- AIM OF THE TASK
Copy all data exactly. Skip pictures.

====== RAW DATA

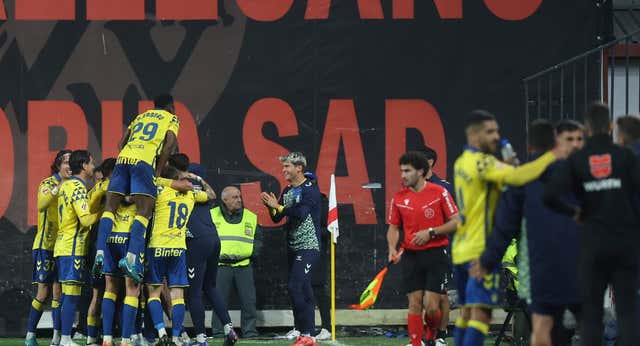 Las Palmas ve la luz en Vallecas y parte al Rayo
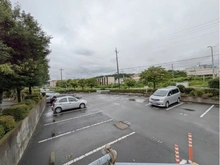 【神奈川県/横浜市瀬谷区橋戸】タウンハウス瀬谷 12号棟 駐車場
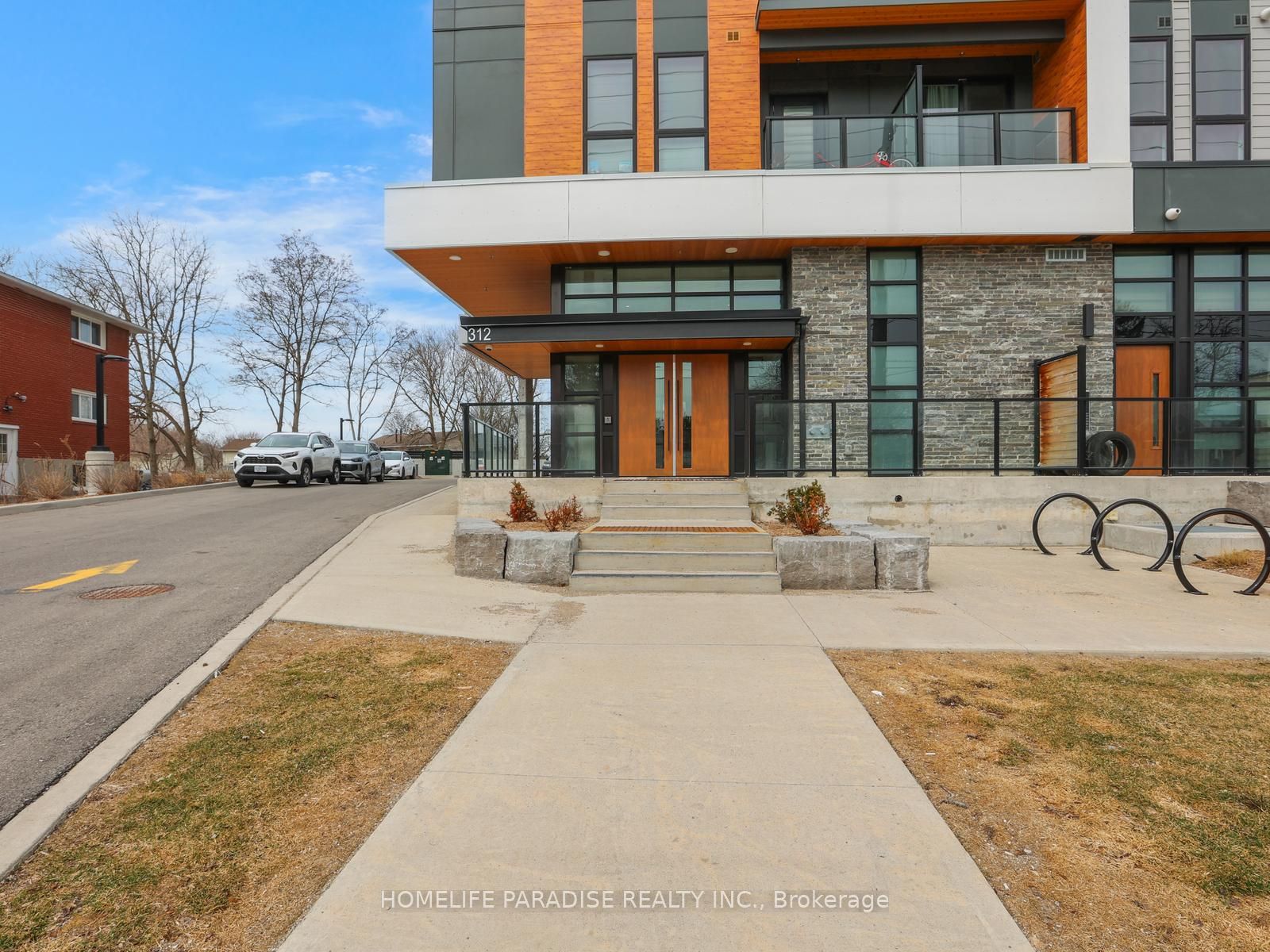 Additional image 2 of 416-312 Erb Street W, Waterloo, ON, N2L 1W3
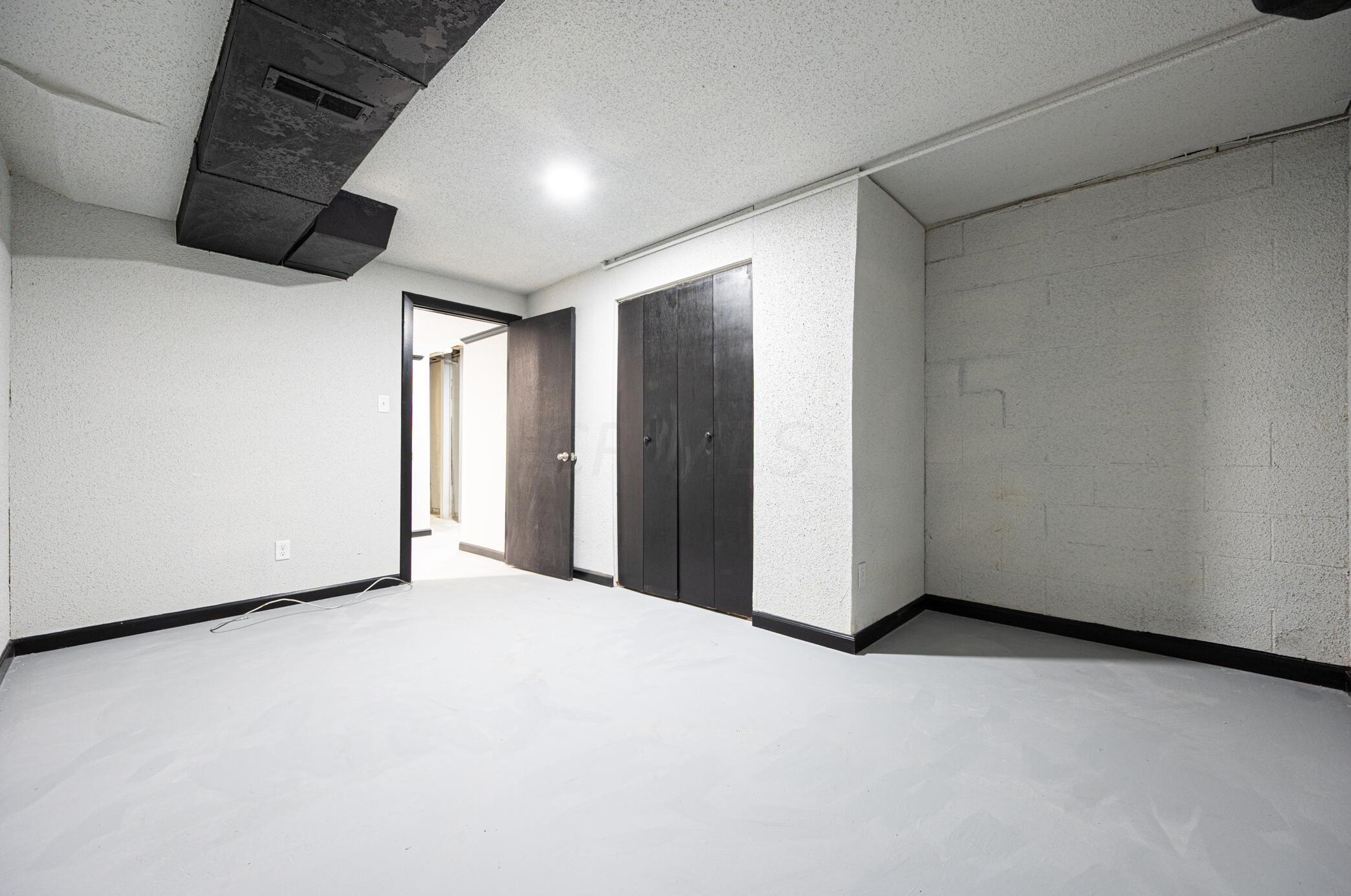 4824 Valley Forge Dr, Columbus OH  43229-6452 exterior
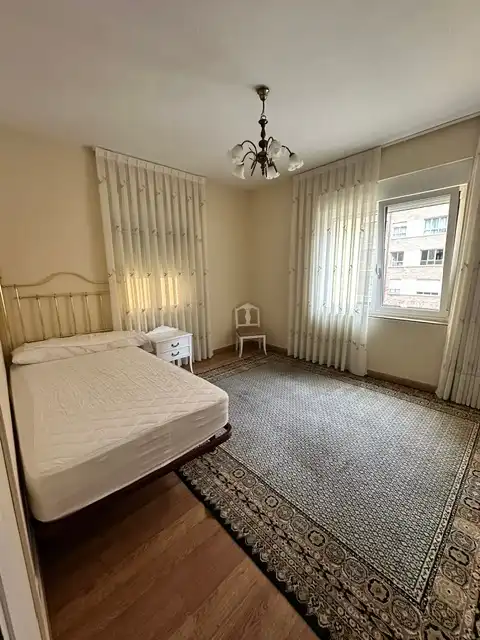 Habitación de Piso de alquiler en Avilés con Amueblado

============

- EXERCISE ANSWER
 Las Palmas ve la luz en Vallecas y parte al Rayo
 【神奈川県/横浜市瀬谷区橋戸】タウンハウス瀬谷 12号棟 駐車場
 Additional image 2 of 416-312 Erb Street W, Waterloo, ON, N2L 1W3
 4824 Valley Forge Dr, Columbus OH  43229-6452 exterior
 Habitación de Piso de alquiler en Avilés con Amueblado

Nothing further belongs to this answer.